109 Note by Loomes 
[CANBERRA], 6 June 1947
TRADE AND EMPLOYMENT CONFERENCE
There are apparently proposals for the conclusion at this Conference of three agreements:-
(1) The Charter of the I.T.O., based on the proposals of Preparatory Committees, as amended by the Drafting Committee which met in New York in March, 1947.  (2) A General Agreement on Tariffs and Trade, also based on proposals of the Preparatory Committee, and as also amended by the Drafting Committee.
(3) A protocol which would provide that Governments signatory thereto would, pending acceptance of the Charter in accordance with their Constitutional procedures, make effective to the fullest extent of their authority all the principles and provisions of certain specified chapters of the Charter.
2. The reason given for the protocol appears to be that the United States would require Congressional approval to the Charter, but would not require such approval to the protocol. The protocol therefore is put forward as a means of giving immediate implementation of the General Agreement on Tariffs and Trade which requires the application of certain specified chapters of the Charter to give it adequate effect.
3. The protocol is intended apparently to give the United States executive power to implement the Charter as far as lies within its 'authority', without obtaining congressional authority, which would, of course, be obtained for the purpose of the acceptance of the Charter as a whole. The protocol, therefore, is an interim measure to bind the executive of the United States. It may be, of course, that the United States Congress may refuse to approve of the Charter, in which case the United States executive would, apparently, no longer be in a position to give effect to any of the provisions of the Charter, since the protocol is to operate 'pending acceptance'.

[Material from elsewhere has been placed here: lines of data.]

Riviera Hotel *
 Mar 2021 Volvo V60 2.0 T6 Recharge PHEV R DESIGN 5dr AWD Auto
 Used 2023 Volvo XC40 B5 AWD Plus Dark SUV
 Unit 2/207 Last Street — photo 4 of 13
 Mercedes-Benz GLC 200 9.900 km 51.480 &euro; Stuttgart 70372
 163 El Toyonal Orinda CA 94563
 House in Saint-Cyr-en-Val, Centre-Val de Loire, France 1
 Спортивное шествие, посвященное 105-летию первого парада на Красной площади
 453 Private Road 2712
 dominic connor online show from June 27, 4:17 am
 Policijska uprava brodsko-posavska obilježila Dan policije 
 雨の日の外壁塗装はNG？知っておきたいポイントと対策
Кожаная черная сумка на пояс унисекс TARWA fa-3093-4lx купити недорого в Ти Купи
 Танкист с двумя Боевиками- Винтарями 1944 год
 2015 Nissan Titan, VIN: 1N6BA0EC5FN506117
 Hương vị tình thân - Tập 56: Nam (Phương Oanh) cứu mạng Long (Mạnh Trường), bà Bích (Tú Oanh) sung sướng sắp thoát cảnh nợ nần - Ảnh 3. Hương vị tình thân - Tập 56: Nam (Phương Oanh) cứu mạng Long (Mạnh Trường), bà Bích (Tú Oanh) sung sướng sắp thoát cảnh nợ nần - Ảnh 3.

4. The position in Australia is not quite the same. There is no specific obligation upon the Commonwealth Government to obtain the approval of Parliament, but, in practice, this would be usual in a matter of this importance. Where, of course, the amendment to laws would be required to give effect to the Charter, legislative action would be essential. The power of the Commonwealth to pass such laws appears to be adequate-either under placitum (i) (trade and commerce with other countries) or placitum (xxix) (external affairs) or a combination of the two. 
5. The effect of the protocol in Australia would be to obligate the executive to give effect to such of the specific provisions of the Charter as it could, either under existing laws or under its purely executive power; this obligation being limited, of course, by the words 'pending acceptance'.
6. No legal objection can be seen to Australia's signing the protocol without reservation. It would not commit the Australian Government to seek any legislative changes in advance of formal acceptance.
7. if, as I understand the case, it is essential to Australia that the Charter should be accepted by the United States, it is necessary to ensure that by acceptance of the protocol we do not put ourselves in a position where we are bound to accept the Charter whereas the United States are not so bound. The words which are important in determining this question are 'pending acceptance of the Charter in accordance with their constitutional procedures'. This wording is not entirely clear. If it means that the protocol will apply to obligate States to give effect to the Charter 'to the fullest extent of their authority' until it accepts the Charter formally, what is to be the position if the competent authority (Congress in the case of the United States) refuses to accept? Does this refusal bring to an end the obligations assumed by the protocol, or does the protocol continue to operate (in its vague way) indefinitely? These questions are difficult to answer, and it would seem desirable to make the meaning clear. It would be desirable to put the matter free from doubt, perhaps by adding after 'procedures' the words 'or until the refusal of the competent authority to accept the Charter'.
8. This would also be desirable for Australia's point of view. It would ensure that, if the United States Congress refused to accept, Australia could also refuse to accept the Charter, and the interim provisions of the protocol would immediately cease to have any effect.
9. The General Agreement on Tariffs and Trade should perhaps be signed by Australia 'subject to acceptance' and we would then be in no worse position than the United States, and we could perhaps defer our acceptance until the United States had notified acceptance.
10. The second question of the entry into force of the general agreement appears to be a practical difficulty, and one which can only be considered at the time when the agreement is concluded.
11. The following comments are given on the 'quasi-legal' matters mentioned in paragraph 5:
(a) this article  is limited to cases where the United Nations is designated as administering authority of a trust territory.
There are a number of matters concerning trade which are important for the advancement of the trust territory, and there is nothing in the Charter which would prevent the United Nations in its capacity as an administering authority from becoming a member of the Organisation.
(b) The fact that the Commonwealth Parliament has power to legislate under the trade and commerce power and the external affairs power seems to be adequate to ensure that the provisions of Commonwealth legislation giving effect to the international agreements will be binding throughout the Commonwealth, whether or not the States are to any extent within the exception of Art 88 (4) , and the power to legislate in respect of the external territories of the Commonwealth is also free from doubt.
12. Article 88(4)as drafted is in accordance with Australian policy expressed in the World Health Conference.